Край этот была Чечня, благодатный, плодородный край. Чеченская земля, пересеченная множеством рек, была покрыта вековыми лесами. На широких полянах раскинулись аулы. В чащах ютились хутора. Сакли были окружены фруктовыми садами, на лесных прогалинах созревали богатейшие посевы кукурузы, пшеницы, ржи, ячменя.

Чеченцы были сильным, опасным врагом. Они следили за каждым шагом противника, хорошо зная местность, умели использовать ее для обороны; устраивали засады по пути движения русских колонн, внезапно нападали и так же быстро скрывались в чащах своих лесов. Узнав о приближении русских, они прятали стариков, женщин и детей в непроходимых дебрях, в плен не сдавались, уносили тела убитых и до последней капли крови защищали свой родной край, свой дом, свою семью.

Крепость Грозная. Рисунок А. П. Дьяконова
Крепость Грозная. Рисунок А. П. Дьяконова

Русским войскам приходилось вести здесь самую трудную лесную войну. Враг был невидим, а между тем каждое дерево, каждый куст грозил смертью. Во время похода связь командования с войсками, скрытыми лесом, временами поддерживалась лишь сигнальными рожками, и вся надежда была на сметку и находчивость солдата. Разорвется цепь, и спрятавшиеся в лесу чеченцы с гиком бросались вперед. Растеряются солдаты - и не вынести им костей из этой чащобы.

На бивуаке в Грозной. Рисунок из альбома П. А. Урусова. 1840
На бивуаке в Грозной. Рисунок из альбома П. А. Урусова. 1840

Весной 1840 года соединенные силы Чечни и Дагестана угрожали крепости Грозной, и сюда были стянуты русские войска. А каждый приезжавший в то время в Грозную офицер попадал в самый водоворот событий кавказской войны.

Отряд Галафеева, расположившийся здесь лагерем, готовился в чеченскую экспедицию. В этом отряде находился Лермонтов.

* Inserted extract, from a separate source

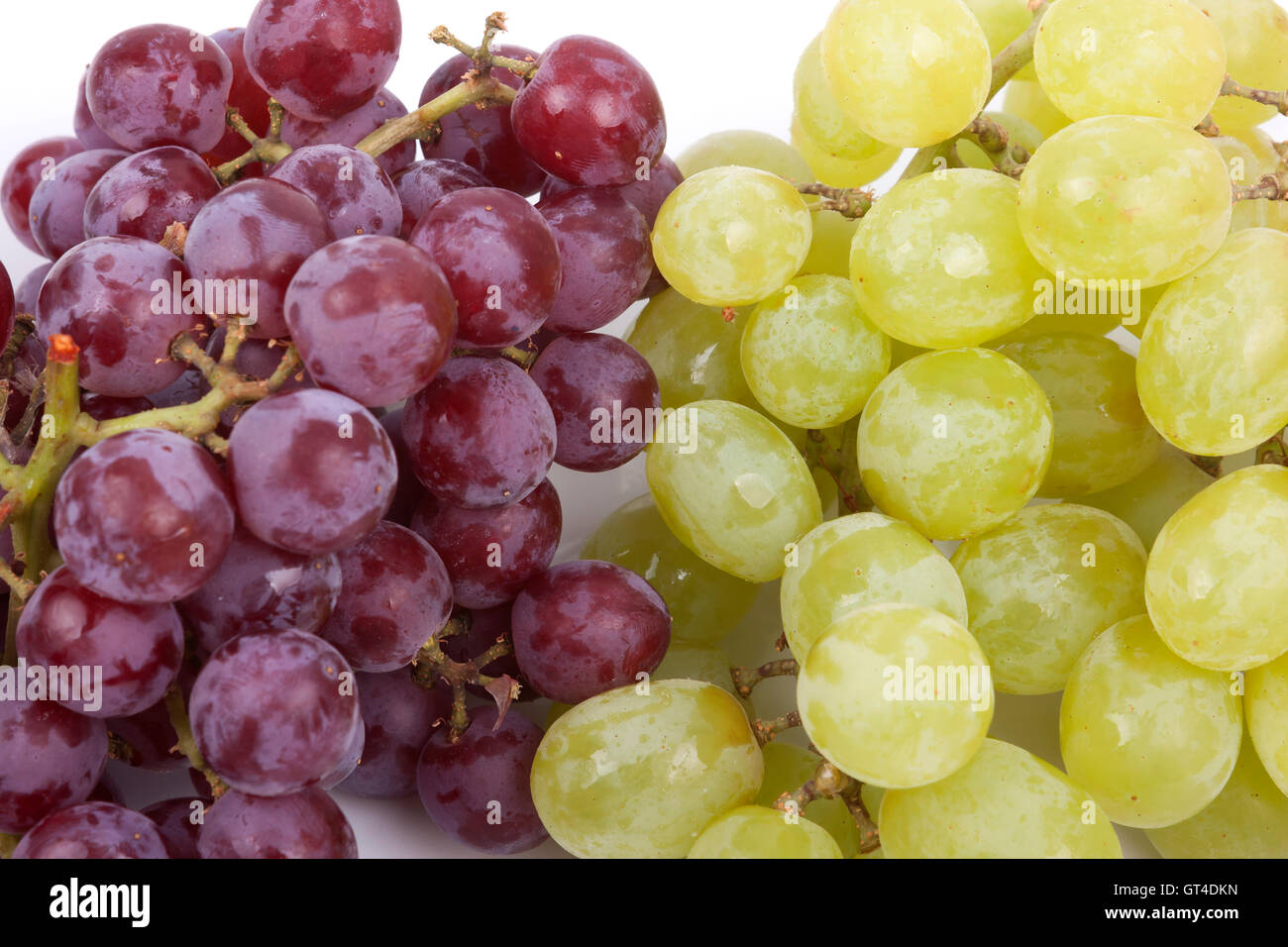 bunch of green and red grapes on a white background Stock Photo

6 июля еще до рассвета поэт был разбужен боем барабана. А ему снился такой дивный сон! Будто вместе с литератором Краевским издают они журнал и обсуждают его программу. И вдруг: бой барабана! Сон прервался. Лермонтов натянул на голову одеяло, но барабан, казалось, колотил над самым ухом. Еще настойчивей барабана был Андрей Иванович. Что-то ласково приговаривая, он стягивал с него одеяло.

Когда сон отлетел окончательно и сознание прояснилось, вспомнилось - вдруг, сразу, - что он на Кавказе, что за дуэль с французским хлыщом Барантом переведен в пехотный Тенгинский полк, что в Ставрополе ему удалось устроиться в отряд Галафеева, что его прикомандировали к кавалерии и сегодня отряд выступает в экспедицию. Все это мигом пронеслось в памяти, когда свежий ночной воздух ворвался в приоткрытую полу палатки. Лермонтов быстро вскочил.

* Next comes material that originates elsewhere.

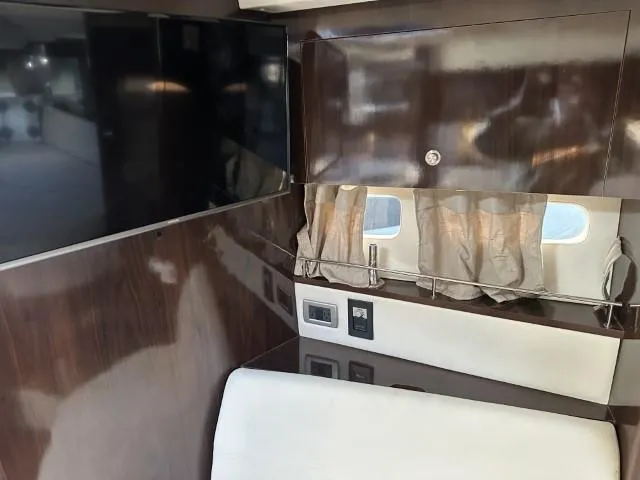  Yacht Photos Pics Interior of 2017 Sea Ray Sundancer 350 Coupe with dark wood paneling and small window.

В лагере догорали костры. Ржали лошади в ожидании утренней дачи. А барабан все трещал.

Присев на корточки у костра перед палаткой, Андрей Иванович наблюдал за чайником.

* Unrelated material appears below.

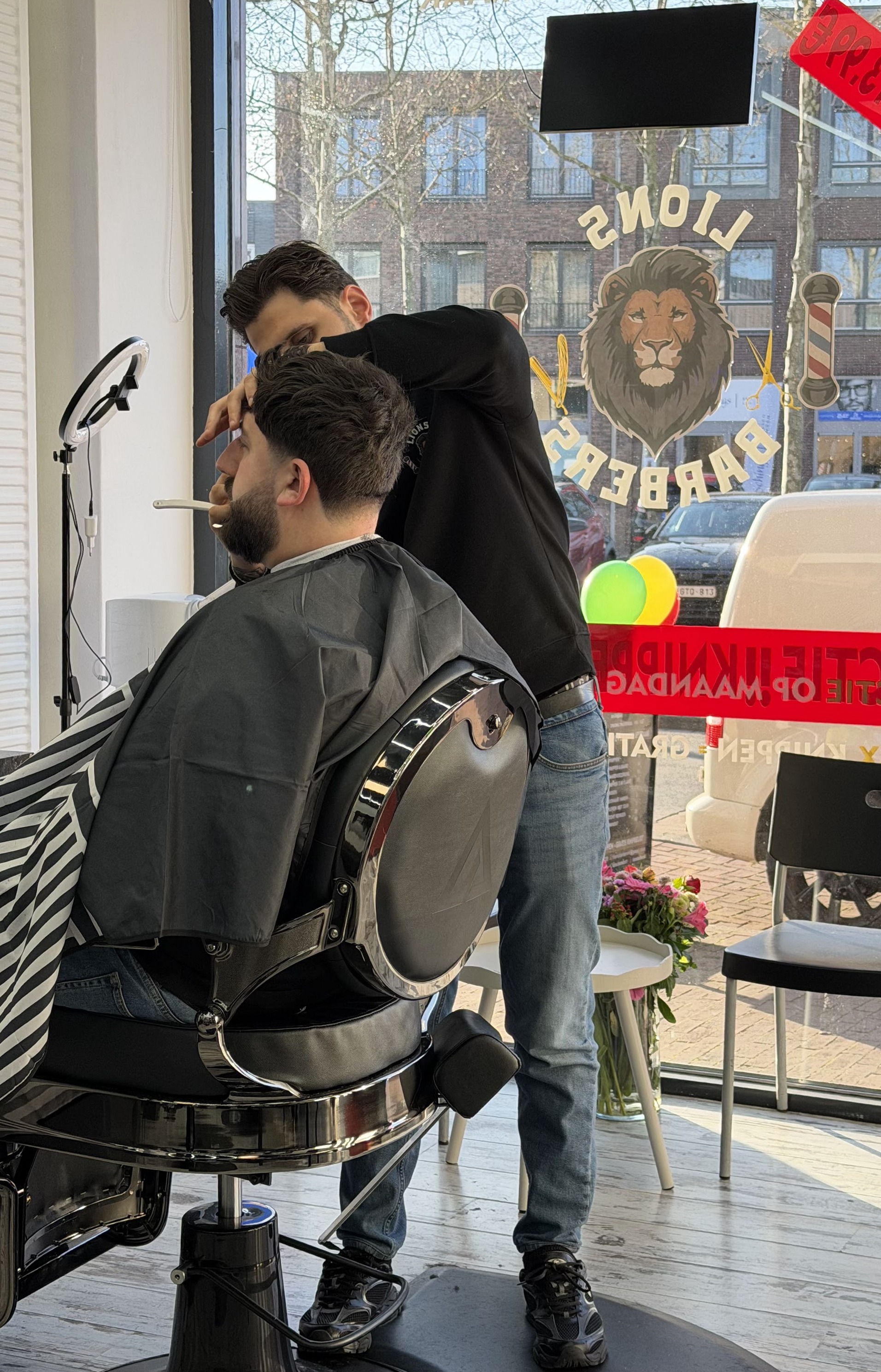 De kapper aan het werk bij het raam, onder de grote leeuw van Lions Barbers op het glas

Ополоснуться, одеться, перекинуть шашку через плечо и сесть перед палаткой в ожидании чая было делом пяти минут.

Но в тот момент, когда Андрей Иванович подавал ему горячий, дымящийся чай и он уже протягивал руку к стакану, кто-то вдруг наскочил на него и заключил в объятия. Потом отпустил, оттолкнул, оглядел и воскликнул:

- Так вот он какой, Лермонтов!

Кудрявый человек, закутанный в какую-то старую пеструю шаль, с шашкой, перекинутой через одно плечо, и с громадной баклажкой - через другое, кричал, хохотал, отстранялся, снова разглядывал и снова бросался обнимать:

- Ты что, меня не узнаешь? Иль я не похож на брата?

Но Лермонтов узнал. Он радостно улыбнулся своим детским обиженным ртом и тоже заключил в объятия Левушку Пушкина. Еще накануне он узнал, что Левушка тоже в их отряде, и предвкушал встречу с ним.

- Андрей Иванович, чаю! И ему чаю! Ведь это брат Пушкина.

- А ром у вас есть?

- Как не быть рому, - засуетился тоже обрадованный гостю Андрей Иванович.

Но Левушка, выплеснув чай на траву, оставил лишь немного на дне и долил стакан доверху ромом.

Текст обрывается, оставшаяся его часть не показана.